Cette capacité d’accompagnement, centrale dans sa paternité, semble avoir trouvé ses limites dans l’exercice du rôle de grand-père. Non par défaut d’affection, mais par une hiérarchisation contrainte des engagements affectifs.
Une confession qui dépasse le cadre de la célébrité
En exprimant ce regret à la télévision, Julien Clerc ne se contente pas de livrer un fragment de son intimité. Il met en lumière une réalité contemporaine souvent tue : la difficulté de concilier des rôles familiaux multiples à des âges avancés.
Sa parole, mesurée et sans justification excessive, résonne auprès de nombreuses familles confrontées aux mêmes dilemmes : comment transmettre lorsque l’on est encore en train d’élever ? Comment être grand-parent sans renoncer à une paternité active ?

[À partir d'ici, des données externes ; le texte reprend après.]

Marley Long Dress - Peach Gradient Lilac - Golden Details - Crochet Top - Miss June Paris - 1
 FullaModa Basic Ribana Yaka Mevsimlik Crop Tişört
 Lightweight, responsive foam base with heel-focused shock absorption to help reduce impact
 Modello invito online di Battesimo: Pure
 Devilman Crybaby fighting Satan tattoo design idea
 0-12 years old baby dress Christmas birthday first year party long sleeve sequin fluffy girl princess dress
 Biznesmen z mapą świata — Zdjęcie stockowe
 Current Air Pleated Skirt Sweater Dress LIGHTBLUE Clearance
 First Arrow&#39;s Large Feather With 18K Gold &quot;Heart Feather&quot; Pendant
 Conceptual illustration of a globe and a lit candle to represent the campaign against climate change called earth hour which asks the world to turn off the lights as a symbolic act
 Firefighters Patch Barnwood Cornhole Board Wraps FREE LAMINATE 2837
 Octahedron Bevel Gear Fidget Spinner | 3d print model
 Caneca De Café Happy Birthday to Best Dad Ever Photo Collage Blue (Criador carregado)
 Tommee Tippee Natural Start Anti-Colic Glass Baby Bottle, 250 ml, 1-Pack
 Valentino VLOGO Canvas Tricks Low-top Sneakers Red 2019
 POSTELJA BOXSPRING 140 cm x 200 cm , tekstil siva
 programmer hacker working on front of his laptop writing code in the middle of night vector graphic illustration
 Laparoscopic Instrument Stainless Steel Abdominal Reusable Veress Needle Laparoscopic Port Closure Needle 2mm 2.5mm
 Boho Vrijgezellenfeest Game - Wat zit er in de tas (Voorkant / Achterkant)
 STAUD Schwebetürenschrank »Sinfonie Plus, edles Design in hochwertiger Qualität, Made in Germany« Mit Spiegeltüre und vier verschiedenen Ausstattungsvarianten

Loin de toute idéalisation, Julien Clerc accepte l’imperfection de ce parcours. Une posture rare dans l’espace médiatique, où la réussite familiale est souvent présentée comme un acquis.
Le temps, dernier arbitre de la transmission
À travers cette confession, c’est enfin une réflexion plus large sur le temps qui s’impose. Le temps biologique, le temps affectif, le temps de la transmission. Autant de dimensions qui ne se synchronisent pas toujours harmonieusement.
Julien Clerc ne cherche ni l’absolution ni la réparation publique. Il constate, analyse et assume. Une démarche qui confère à sa parole une crédibilité et une profondeur rares.
À 77 ans, l’artiste continue d’interroger son rôle d’homme, au-delà de celui de chanteur. Et rappelle, avec une pudeur maîtrisée, que même les trajectoires les plus accomplies laissent place à des regrets silencieux.